Écrire sur mon blogue une fois par jour, et réunir en un bouquin les textes obtenus, sont deux choses presque contraires à certains égards.
Sur mon blogue, je navigue, insouciante, à ma vitesse teuf teuf prout prout copain. Un écran blanc s’offre à moi que je garnis selon mes fantaisies. Je vais où bon me semble, en fonction de mes humeurs et de ma sensibilité. Je ne me soucie pas tant d’exprimer quelques idées que de me rencontrer à travers les mots. Je pénètre dans un espace temps, en vase clos, où rien n’interfère du monde extérieur.
Regrouper les textes d’une même année pour en faire un livre m’oblige, en revanche, à resserrer mes contenus, à éliminer les redites, à alléger les constructions de phrases, à viser l’efficacité. C’est un peu comme si je fabriquais une courtepointe : ne cumuler que des imprimés disparates, sans me soucier de créer un motif, un agencement, procure moins de satisfaction visuelle.
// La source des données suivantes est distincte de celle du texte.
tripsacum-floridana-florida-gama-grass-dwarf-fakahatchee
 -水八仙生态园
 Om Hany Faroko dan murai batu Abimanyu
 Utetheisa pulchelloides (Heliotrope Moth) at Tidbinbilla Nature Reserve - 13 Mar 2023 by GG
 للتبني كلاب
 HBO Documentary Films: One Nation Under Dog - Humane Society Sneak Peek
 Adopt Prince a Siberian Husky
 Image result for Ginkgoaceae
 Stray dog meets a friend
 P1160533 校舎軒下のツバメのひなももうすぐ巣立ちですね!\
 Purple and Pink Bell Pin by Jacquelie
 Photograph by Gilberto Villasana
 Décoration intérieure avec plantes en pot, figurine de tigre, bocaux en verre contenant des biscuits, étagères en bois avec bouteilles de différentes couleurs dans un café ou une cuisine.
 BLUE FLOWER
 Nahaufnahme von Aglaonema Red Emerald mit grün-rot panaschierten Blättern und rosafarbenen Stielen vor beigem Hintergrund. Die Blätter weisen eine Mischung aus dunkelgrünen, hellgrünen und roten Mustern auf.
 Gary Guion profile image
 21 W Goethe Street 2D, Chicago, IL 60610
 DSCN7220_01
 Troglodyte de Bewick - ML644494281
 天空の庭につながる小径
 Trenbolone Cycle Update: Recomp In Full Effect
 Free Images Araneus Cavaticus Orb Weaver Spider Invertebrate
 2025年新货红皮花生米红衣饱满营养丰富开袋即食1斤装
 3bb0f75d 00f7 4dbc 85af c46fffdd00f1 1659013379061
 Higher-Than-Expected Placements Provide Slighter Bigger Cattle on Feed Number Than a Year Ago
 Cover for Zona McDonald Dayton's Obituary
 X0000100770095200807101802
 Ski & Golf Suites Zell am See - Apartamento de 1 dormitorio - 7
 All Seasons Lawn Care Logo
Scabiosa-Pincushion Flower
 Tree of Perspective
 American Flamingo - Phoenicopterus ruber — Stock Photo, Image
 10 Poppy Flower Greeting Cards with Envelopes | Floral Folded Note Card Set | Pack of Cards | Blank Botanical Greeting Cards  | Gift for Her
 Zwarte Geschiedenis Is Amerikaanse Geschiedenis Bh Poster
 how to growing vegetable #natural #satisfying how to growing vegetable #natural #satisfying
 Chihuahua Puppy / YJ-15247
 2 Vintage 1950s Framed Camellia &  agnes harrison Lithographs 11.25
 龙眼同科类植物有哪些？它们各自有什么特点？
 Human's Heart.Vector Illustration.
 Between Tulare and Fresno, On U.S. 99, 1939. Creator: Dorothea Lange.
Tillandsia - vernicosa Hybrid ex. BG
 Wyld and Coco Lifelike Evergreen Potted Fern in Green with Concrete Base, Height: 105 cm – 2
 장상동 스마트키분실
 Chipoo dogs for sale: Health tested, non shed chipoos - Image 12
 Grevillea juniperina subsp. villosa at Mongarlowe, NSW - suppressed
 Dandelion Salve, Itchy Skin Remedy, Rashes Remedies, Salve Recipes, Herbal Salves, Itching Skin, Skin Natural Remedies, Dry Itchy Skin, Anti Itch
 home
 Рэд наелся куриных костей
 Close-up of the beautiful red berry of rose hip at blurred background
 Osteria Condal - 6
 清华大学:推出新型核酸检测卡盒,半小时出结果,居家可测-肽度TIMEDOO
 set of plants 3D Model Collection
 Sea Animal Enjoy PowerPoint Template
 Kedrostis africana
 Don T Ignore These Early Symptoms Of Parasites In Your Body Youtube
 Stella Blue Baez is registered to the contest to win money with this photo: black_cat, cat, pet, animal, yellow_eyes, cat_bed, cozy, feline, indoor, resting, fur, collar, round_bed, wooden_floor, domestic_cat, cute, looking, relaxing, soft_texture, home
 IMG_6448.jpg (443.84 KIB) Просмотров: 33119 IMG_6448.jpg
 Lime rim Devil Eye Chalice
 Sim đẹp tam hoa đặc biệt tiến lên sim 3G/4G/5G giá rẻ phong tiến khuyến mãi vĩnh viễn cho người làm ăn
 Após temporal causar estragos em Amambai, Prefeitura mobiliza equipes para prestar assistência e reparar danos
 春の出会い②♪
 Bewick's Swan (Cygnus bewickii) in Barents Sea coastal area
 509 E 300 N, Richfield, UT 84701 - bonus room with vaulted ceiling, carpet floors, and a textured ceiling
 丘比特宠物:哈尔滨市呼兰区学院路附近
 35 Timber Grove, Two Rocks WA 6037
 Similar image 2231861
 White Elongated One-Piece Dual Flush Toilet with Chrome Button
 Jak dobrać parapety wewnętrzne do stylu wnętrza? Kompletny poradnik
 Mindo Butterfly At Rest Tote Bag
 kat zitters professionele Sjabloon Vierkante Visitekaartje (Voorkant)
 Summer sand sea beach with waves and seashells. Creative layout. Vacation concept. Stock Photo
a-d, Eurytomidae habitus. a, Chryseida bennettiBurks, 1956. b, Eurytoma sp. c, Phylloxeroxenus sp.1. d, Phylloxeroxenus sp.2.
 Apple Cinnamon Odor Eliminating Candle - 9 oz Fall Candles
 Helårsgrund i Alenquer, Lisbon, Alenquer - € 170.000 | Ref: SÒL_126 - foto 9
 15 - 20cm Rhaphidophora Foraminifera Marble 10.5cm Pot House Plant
Il en ressort que ces deux activités –blogue freestyle / bouquin non soporifique– font appel à des habiletés différentes. Mon cerveau ne peut que s’en porter mieux car il doit s’adapter à des situations auxquelles je ne le soumets pas souvent.
– Right to the point ! lance mon collaborateur.
– D’accord, d’accord, lui répondent mes neurones en se sentant certes bousculés, mais en même temps oxygénés par des mouvements neuronaux nouveaux.
À cet égard –l’entretien d’un cerveau de 66 ans–, je ne peux que saluer mon retour à l’écriture, et espérer que l’instinct de noircir une page retrouve sa prégnance d’antan. Le vocabulaire m’échappe au point de demander à l’IA de me venir en aide, alors qu’autrefois j’arrivais sans peine à le saisir au vol.
Je ne me fixe plus la consigne de publier du lundi au vendredi, ni celle d’atteindre cinq cents mots. La formule « en autant que j’écrive » me suffit.
Je vois un certain parallèle, ici, entre mon parcours et celui de Claude Lelouch. Quand il était en pleine possession de ses moyens, il créait des liens générationnels entre ses personnages en multipliant les espaces/temps —Les uns et les autres en 1981. Dans ses derniers films, alors que l’homme vient de célébrer ses 88 ans, il regroupe tout un tas de monde dans un même espace sans qu’il soit nécessaire de remonter à la source du lien entre les individus —La vertu des impondérables en 2019.